The paper introduces a scaled particle simulation method that avoids super-particles, providing more reliable results for planetesimal formation by correctly modeling collisions and relevant timescales.

Findings

Super-particle approach produces artifacts affecting collapse and clump statistics.

Proper modeling of collisions is essential for accurate simulation results.

Scaled particles can effectively represent initial clumping phases in protoplanetary discs.

Abstract

The formation mechanism of planetesimals in protoplanetary discs is hotly debated. Currently, the favoured model involves the accumulation of meter-sized objects within a turbulent disc, followed by a phase of gravitational instability. At best one can simulate a few million particles numerically as opposed to the several trillion meter-sized particles expected in a real protoplanetary disc. Therefore, single particles are often used as super-particles to represent a distribution of many smaller particles.
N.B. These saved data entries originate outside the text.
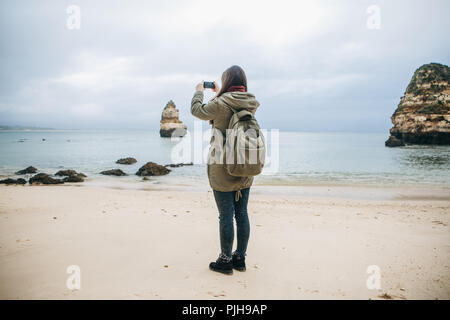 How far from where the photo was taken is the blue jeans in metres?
2.83

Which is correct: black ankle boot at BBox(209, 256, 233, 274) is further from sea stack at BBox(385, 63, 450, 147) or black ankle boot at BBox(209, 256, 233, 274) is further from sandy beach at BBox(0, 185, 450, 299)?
sea stack at BBox(385, 63, 450, 147)

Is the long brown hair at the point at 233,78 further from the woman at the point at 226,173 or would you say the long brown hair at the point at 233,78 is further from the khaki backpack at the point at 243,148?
the khaki backpack at the point at 243,148

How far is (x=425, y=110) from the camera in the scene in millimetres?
48438

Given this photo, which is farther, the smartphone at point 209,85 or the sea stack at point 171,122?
the sea stack at point 171,122

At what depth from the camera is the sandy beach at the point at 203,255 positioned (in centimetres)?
262

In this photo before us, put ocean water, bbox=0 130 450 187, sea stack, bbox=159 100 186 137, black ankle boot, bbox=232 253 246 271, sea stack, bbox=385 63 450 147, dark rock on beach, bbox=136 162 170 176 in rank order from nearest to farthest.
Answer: black ankle boot, bbox=232 253 246 271 → ocean water, bbox=0 130 450 187 → dark rock on beach, bbox=136 162 170 176 → sea stack, bbox=385 63 450 147 → sea stack, bbox=159 100 186 137

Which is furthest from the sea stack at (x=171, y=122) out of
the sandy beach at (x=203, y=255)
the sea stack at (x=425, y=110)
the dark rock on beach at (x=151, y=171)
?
the sandy beach at (x=203, y=255)

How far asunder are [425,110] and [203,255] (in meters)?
59.2

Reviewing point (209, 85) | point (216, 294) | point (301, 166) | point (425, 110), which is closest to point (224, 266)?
point (216, 294)

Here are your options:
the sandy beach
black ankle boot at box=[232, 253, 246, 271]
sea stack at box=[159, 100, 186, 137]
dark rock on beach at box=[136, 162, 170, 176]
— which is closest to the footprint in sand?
the sandy beach

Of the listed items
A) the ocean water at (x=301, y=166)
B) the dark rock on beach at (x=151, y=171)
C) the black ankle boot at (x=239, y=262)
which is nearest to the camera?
the black ankle boot at (x=239, y=262)

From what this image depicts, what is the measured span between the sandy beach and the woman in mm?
411

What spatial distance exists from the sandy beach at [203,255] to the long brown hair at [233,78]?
210 centimetres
It is assumed that small scale phenomena do not play a role and particle collisions are not modeled. The super-particle approximation can only be valid in a collisionless or strongly collisional system, however, in many recent numerical simulations this is not the case. In this work we present new results from numerical simulations of planetesimal formation via gravitational instability. A scaled system is studied that does not require the use of super-particles. We find that the scaled particles can be used to model the initial phases of clumping if the properties of the scaled particles are chosen such that all important timescales in the system are equivalent to what is expected in a real protoplanetary disc. Constraints are given for the number of particles needed in order to achieve numerical convergence. We compare this new method to the standard super-particle approach. We find that the super-particle approach produces unreliable results that depend on artifacts such as the gravitational softening in both the requirement for gravitational collapse and the resulting clump statistics. Our results show that short range interactions (collisions) have to be modelled properly.